It turns out though that we can work around this issue. With a slight relaxation of this problem, we’ll be able to take advantage of the eigenvalues and eigenvectors of the Laplacian to help us, but in order to show that, we need a few more definitions and then a lot of proofs.

Graphs are abstract objects that don’t have “locations” in the Euclidean sense. We will thus keep functions that map vertices to real numbers \(f: V \mapsto \mathbb{R}\)

\[f = \begin{bmatrix} f(v_1) \\ f(v_2) \\ \vdots \\ f(v_n) \\ \end{bmatrix} = \begin{bmatrix} f_1 \\ f_2 \\ \vdots \\ f_n \\ \end{bmatrix}\]

Let \(A \subseteq V\).

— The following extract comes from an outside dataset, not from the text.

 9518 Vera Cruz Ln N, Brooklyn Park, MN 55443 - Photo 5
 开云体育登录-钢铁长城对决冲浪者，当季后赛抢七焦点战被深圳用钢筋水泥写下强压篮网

Define the indicator function: \[ \boldsymbol{1}_A(i) = \begin{cases} 1 & V_i \in A \\ 0 & \text{otherwise} \end{cases}\]

Finally, since the Laplacian matrix \(L_G\) is symmetric and real, by the Spectral Theorem, the eigenvalues \(\lambda_1, \lambda_2, \ldots, \lambda_n\) are all real and greater than or equal to 0. We will index them in increasing order: \[ 0 \leqslant \lambda_1 \leqslant \lambda_2 \leqslant \cdots \leqslant \lambda_n\]

Proofs with 2 Clusters

Claim

\(f^T L f = \frac{1}{2} \sum_{i, j} w_{ij}(f_i - f_j)^2\)

Proof

\[\begin{aligned} &L = \begin{bmatrix} \sum_j w_{1j} & -w_{12} & -w_{13} & \cdots & -w_{1n} \\ -w_{21} & \sum_j w_{2j} & -w_{32} & \cdots & -w_{2n} \\ \vdots & & \ddots & & \vdots \\ \vdots & & & \ddots & -w_{(n-1)n} \\ -w_{n1} & \cdots & \cdots & & \sum_j w_{nj} \\ \end{bmatrix} \\ \\ &Lf = L \begin{bmatrix} f_1 \\ \vdots \\ f_n \end{bmatrix} = \begin{bmatrix} f_1 \sum_j w_{1j} - \sum_{j = 2}^n f_j w_{1j} \\ \vdots \\ f_n \sum_j w_{nj} - \sum_{j = 2}^n f_j w_{nj} \\ \end{bmatrix} \\ \\ &\text{Since } w_{ii} = 0 \text{, we can rewrite this as} \\ \\ &Lf = \begin{bmatrix} f_1 \sum_j w_{1j} - \sum_j f_j w_{1j} \\ \vdots \\ f_n \sum_j w_{nj} - \sum_j f_j w_{nj} \\ \end{bmatrix} \\ \\ &f^TLf = \begin{bmatrix} f_1 & \cdots & f_n \end{bmatrix} LF \\ \\ &= f_1^2 \sum_j w_{1j} - f_1 \sum_j f_j w_{1j} + f_2^2 \sum_j w_{2j} - f_2 \sum_j f_j w_{2j} + \cdots + f_n^2 \sum_j w_{nj} - f_n \sum_j f_j w_{nj} \\ \\ &= \bigg[ f_1^2 \sum_j w_{1j} + \cdots + f_n^2 \sum_j w_{nj} \bigg] + \bigg[- f_1 \sum_j f_j w_{1j} - \cdots - f_n \sum_j f_j w_{nj} \bigg] \\ \\ &= \bigg[ \sum_{i, j} f_i^2 w_{ij} \bigg] - \bigg[ \sum_{i, j} f_i f_j w_{ij} \bigg] \\ \\ &= \bigg[ \frac{1}{2} \sum_{i, j} f_i^2 w_{ij} + \frac{1}{2} \sum_{i, j} f_j^2 w_{ij} \bigg] + \frac{1}{2}\bigg[ -2 \sum_{i, j} f_i f_j w_{ij} \bigg] \\ \\ &= \frac{1}{2} \bigg[ \sum_{i, j} f_i^2 w_{ij} -2 \sum_{i, j} f_i f_j w_{ij} + \sum_{i, j} f_j^2 w_{ij} \bigg] \\ \\ &= \frac{1}{2} \bigg[ \sum_{i, j} f_i^2 w_{ij} -2 f_i f_j w_{ij} + f_j^2 w_{ij} \bigg] \\ \\ &= \frac{1}{2} \sum_{i, j} w_{ij}(f_i - f_j)^2 \hspace{4ex} _\blacksquare \end{aligned}\]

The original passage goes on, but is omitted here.